Empresários, dirigentes partidários, parlamentares e entidades que se pronunciam possuem diferentes relações e interesses no processo eleitoral. Há atores próximos da direita, da esquerda e do centro. O ponto de convergência é a percepção de que uma crise prolongada no Supremo, envolvendo Polícia Federal, Banco Master, governo e candidatos, amplia a insegurança institucional justamente no momento em que o país escolhe seu próximo presidente.
A disputa política em torno do caso tende, portanto, a continuar independentemente do lado que consiga uma vitória momentânea dentro do STF.
A palavra final deve ser do plenário
A decisão de Dino devolveu Andrei ao comando da PF, mas não resolveu nenhuma das questões centrais que provocaram a crise.
Continuam pendentes as suspeitas envolvendo a relação de Alexandre de Moraes com Daniel Vorcaro. Também permanece em discussão a legalidade dos procedimentos adotados por Mendonça na condução das investigações e as acusações de que a inteligência da PF teria ultrapassado seus limites ao produzir relatórios sobre integrantes do Judiciário.
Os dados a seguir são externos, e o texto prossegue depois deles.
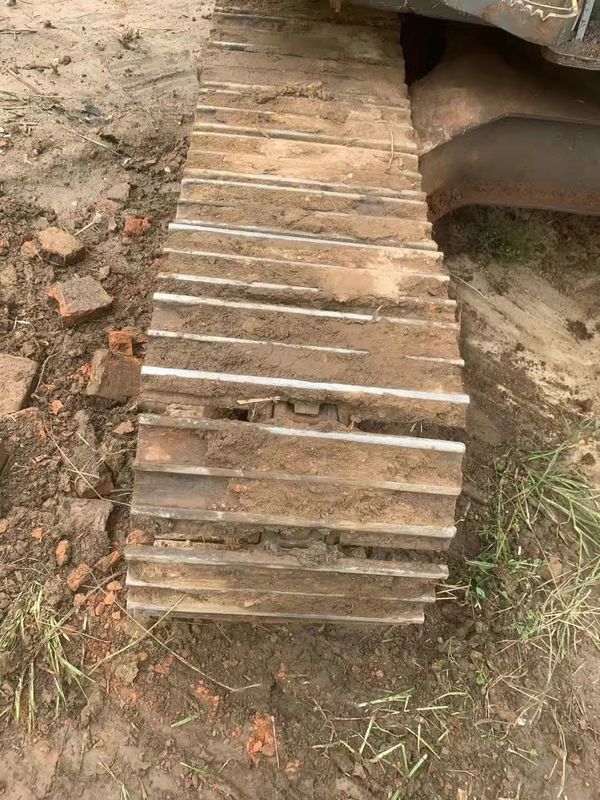 La Suède a importé une excavatrice à chenilles Volvo EC80D de haute qualité, presque neuve et prête à 100%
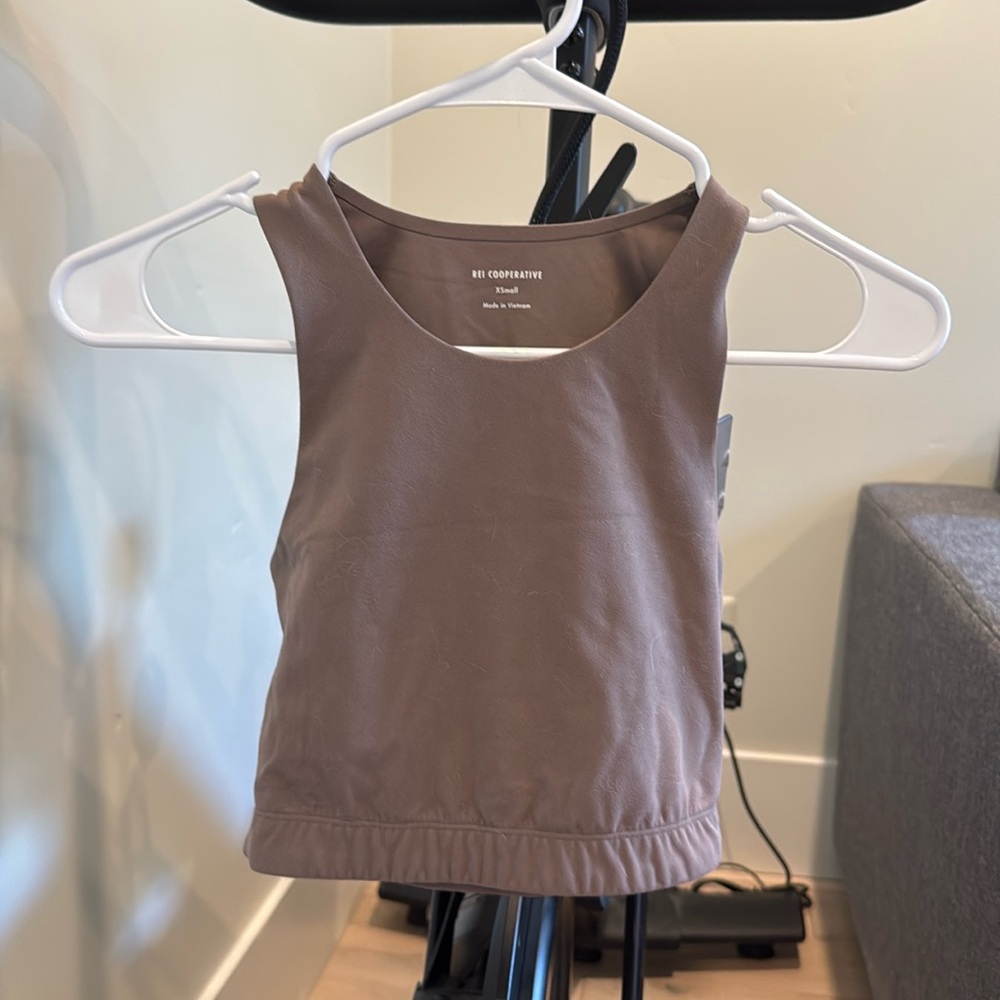 Rei cooperative athletic tank top sports bra
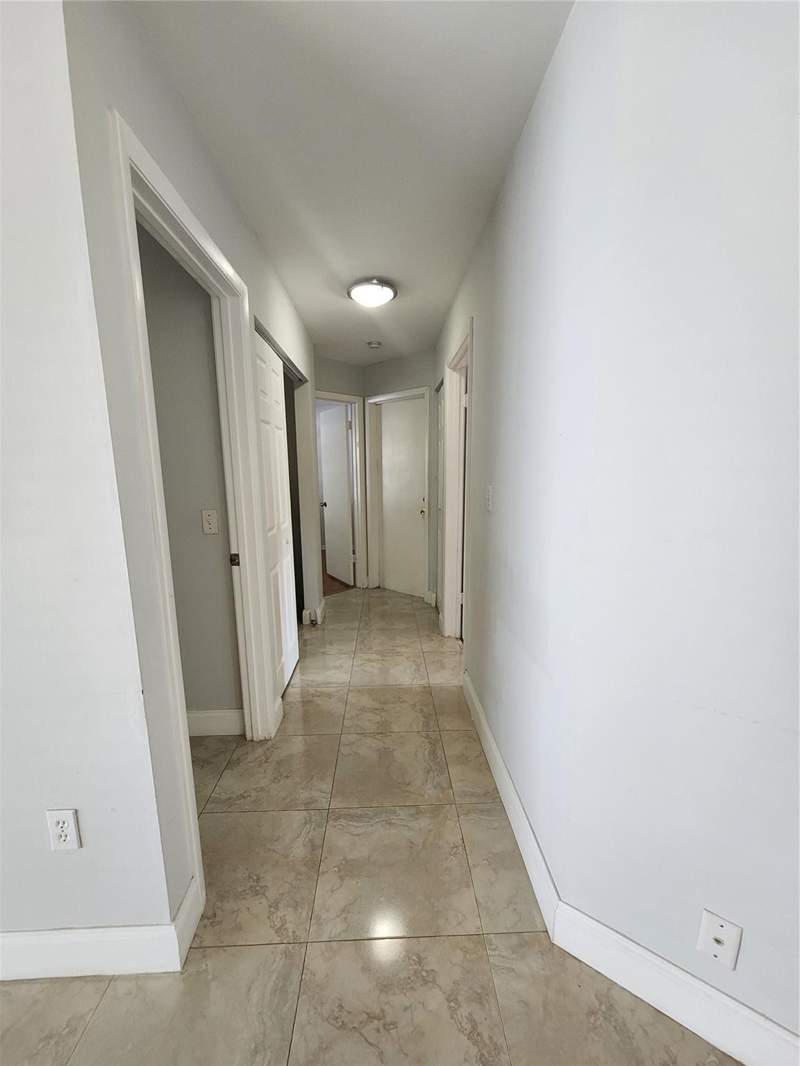 3 bedroom Single Family Residence at 13955 Langley Place, Replat Of Tr H Of, Davie — photo 5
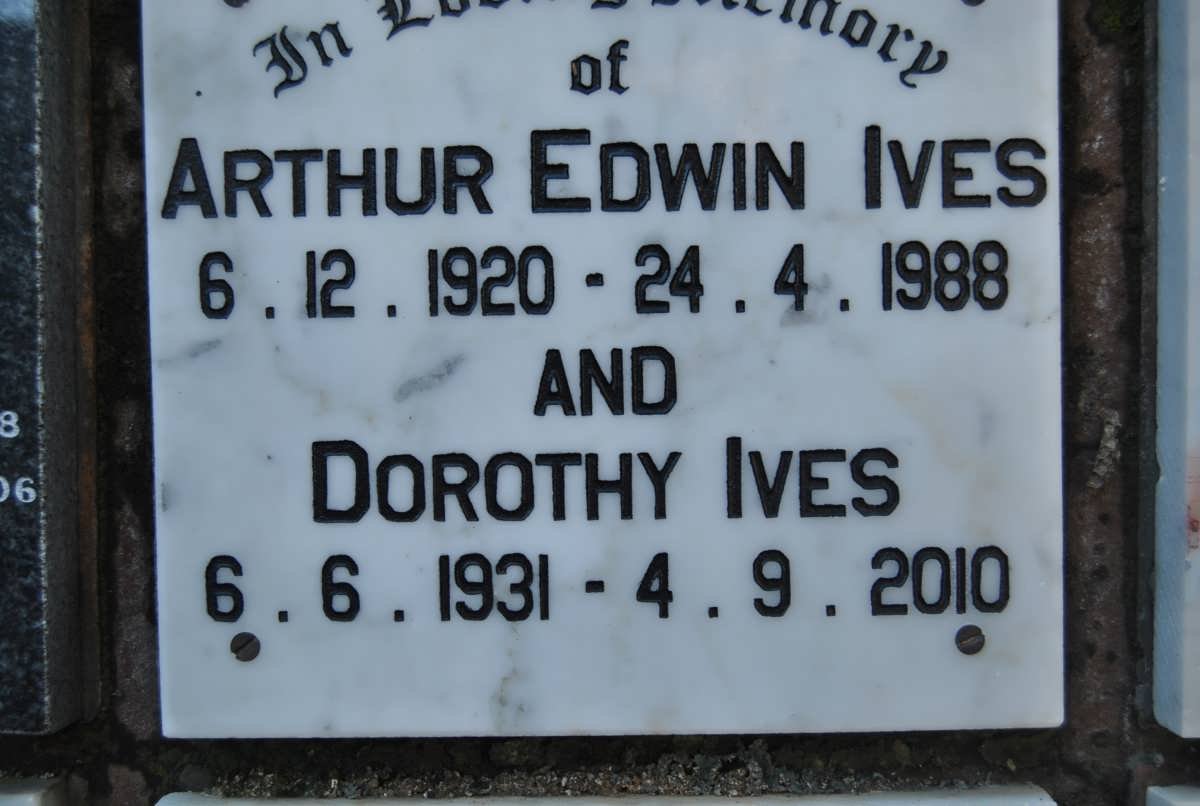 IVES Arthur Edwin 1920-1988 &amp; Dorothy 1931-2010
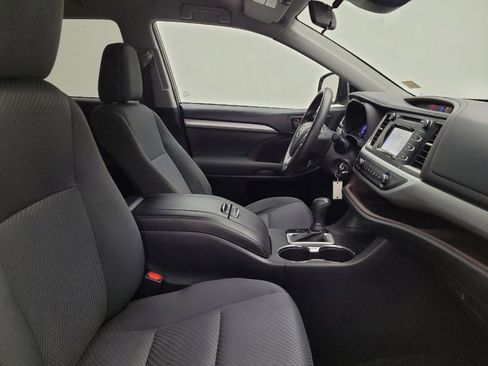 Used 2019 Toyota Highlander LE AWD/4WD image 21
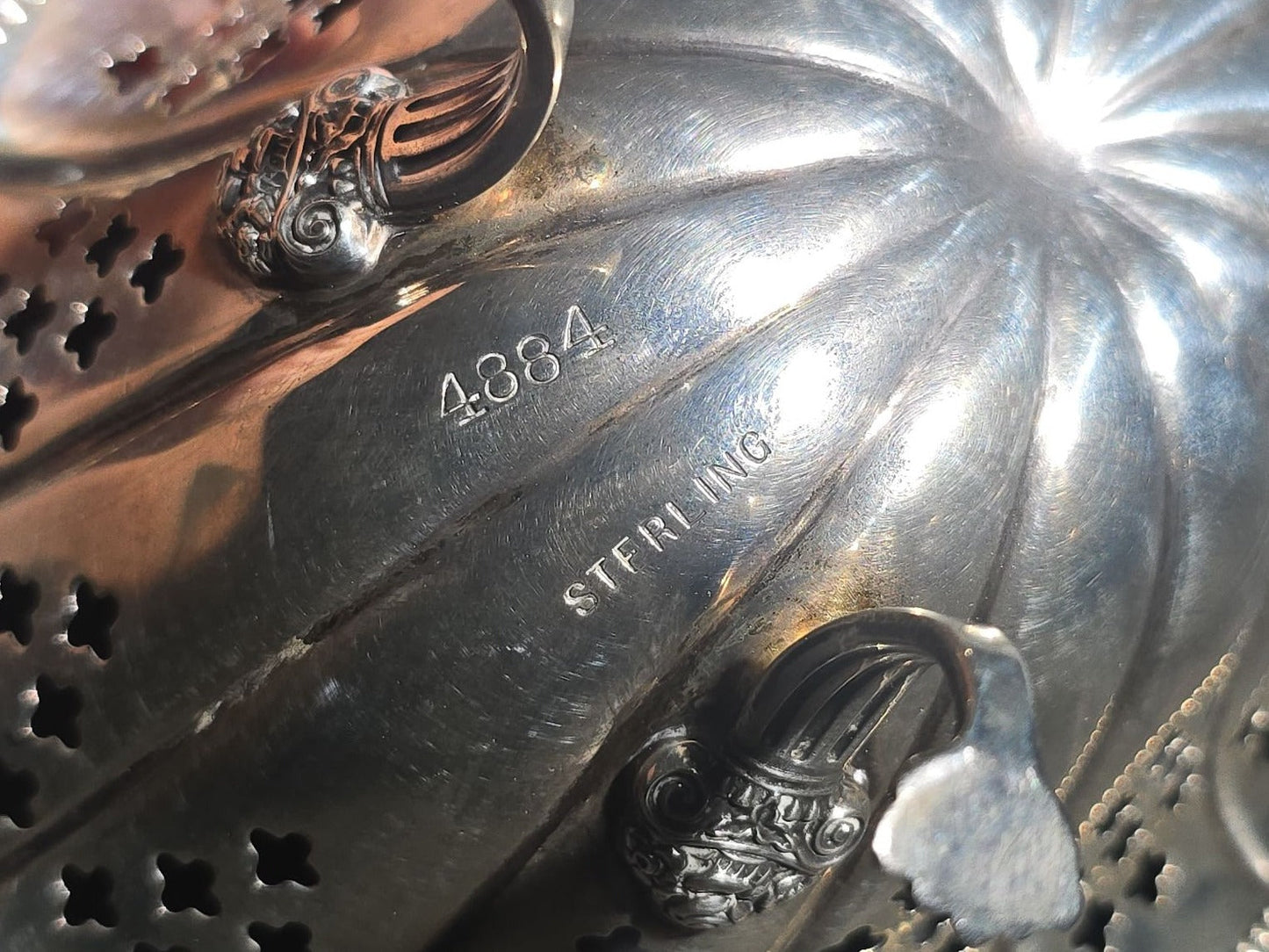 Pair of Antique Sterling Silver Pierced Footed Bowls with Beaded Rims and Paw Feet, Black, Starr & Frost, New York, Pattern 4884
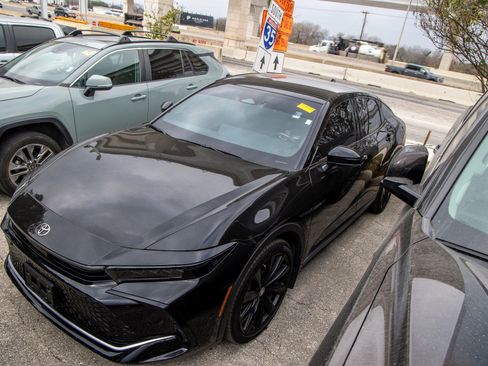 Certified 2026 Toyota Crown Nightshade image 3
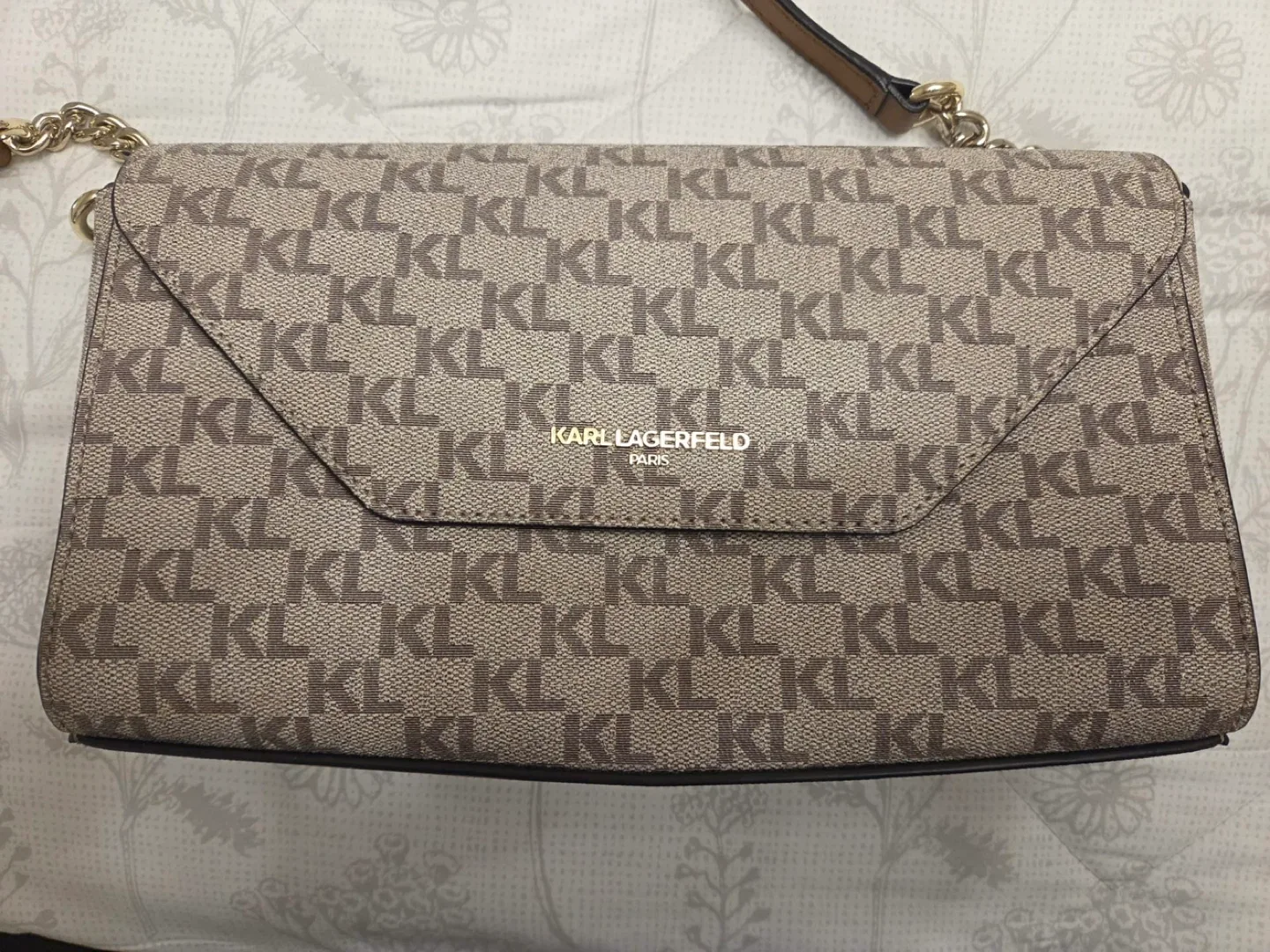 Karl Lagerfeld Paris Crossbody Bag thumbnail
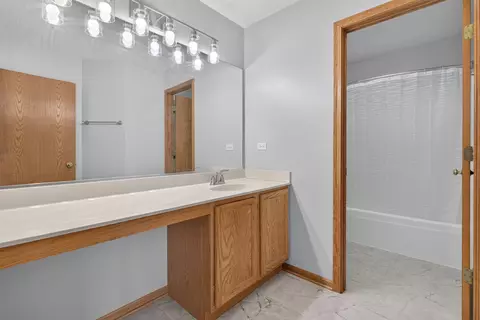 Bath - 1913 Windstone Dr, Plainfield, IL 60586 photo 4 of 6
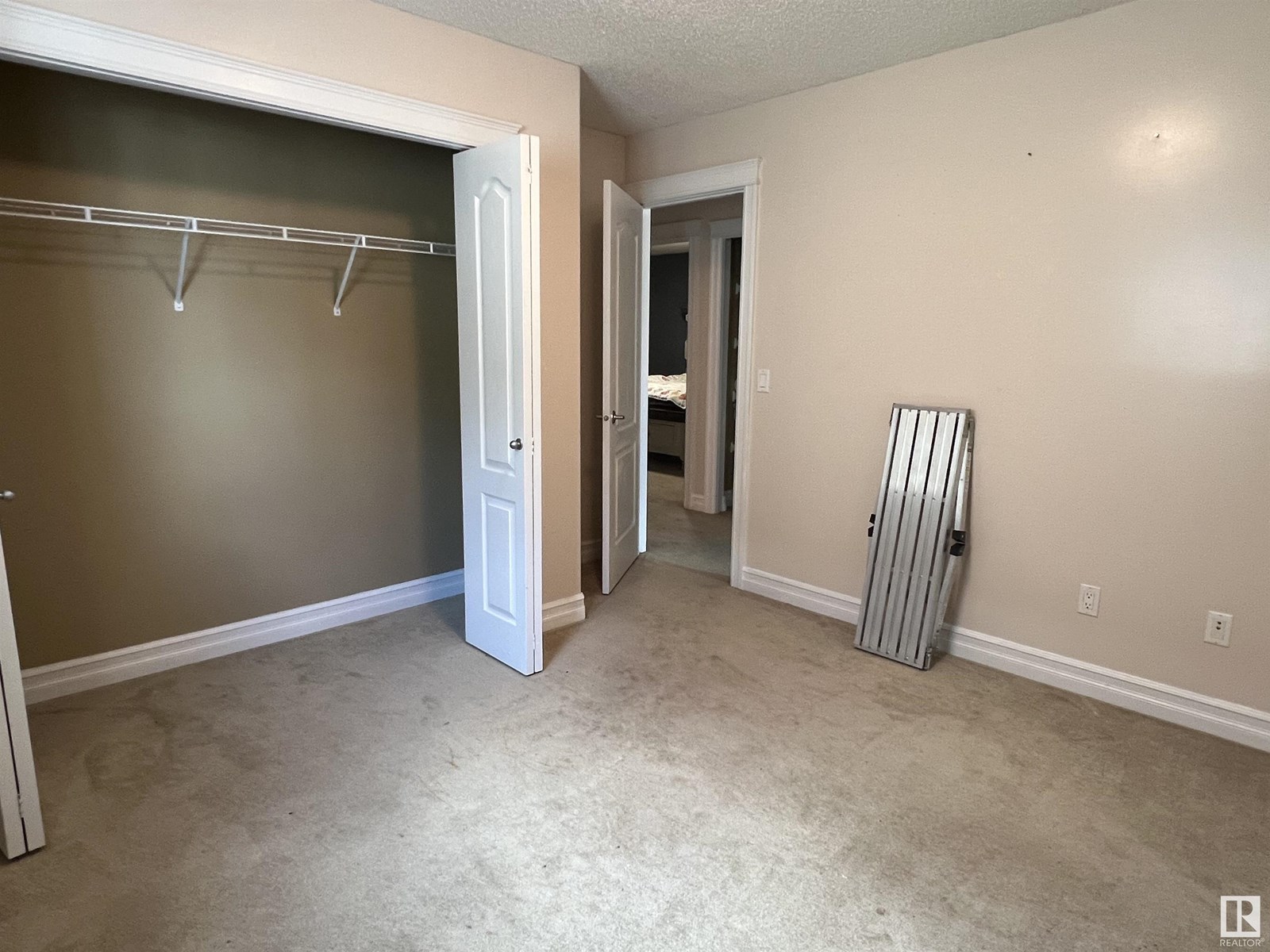 Photo 21 of 21 Birch Pl, Fort Saskatchewan AB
Da mesma forma, ainda será necessário definir até onde um ministro pode interferir na estrutura da Polícia Federal e produzir decisões com reflexos em investigações conduzidas por outros relatores.
A Segunda Turma chegou a formar maioria para manter o afastamento determinado por Mendonça, mas o julgamento foi interrompido por pedido de vista de Gilmar Mendes. A decisão posterior de Dino adicionou uma nova camada ao conflito.
O próprio Dino determinou que eventual contestação à sua decisão seja submetida ao plenário.
Fachin também já conduz o procedimento que reúne as acusações envolvendo Mendonça, Moraes, a Procuradoria-Geral da República e a Polícia Federal. O prazo para as manifestações termina nesta semana.
É nesse colegiado, formado pelos ministros da Corte, que deverá surgir uma tentativa de solução institucional.
Até lá, cada nova decisão individual tem potencial para produzir outra reação dentro do Supremo e, quase imediatamente, virar argumento eleitoral fora dele.
A crise que começou com o Banco Master já alcançou a Polícia Federal, o governo, partidos, candidatos e setores empresariais. E, a menos de um mês das urnas, está cada vez mais difícil separar suas consequências jurídicas de seus efeitos políticos.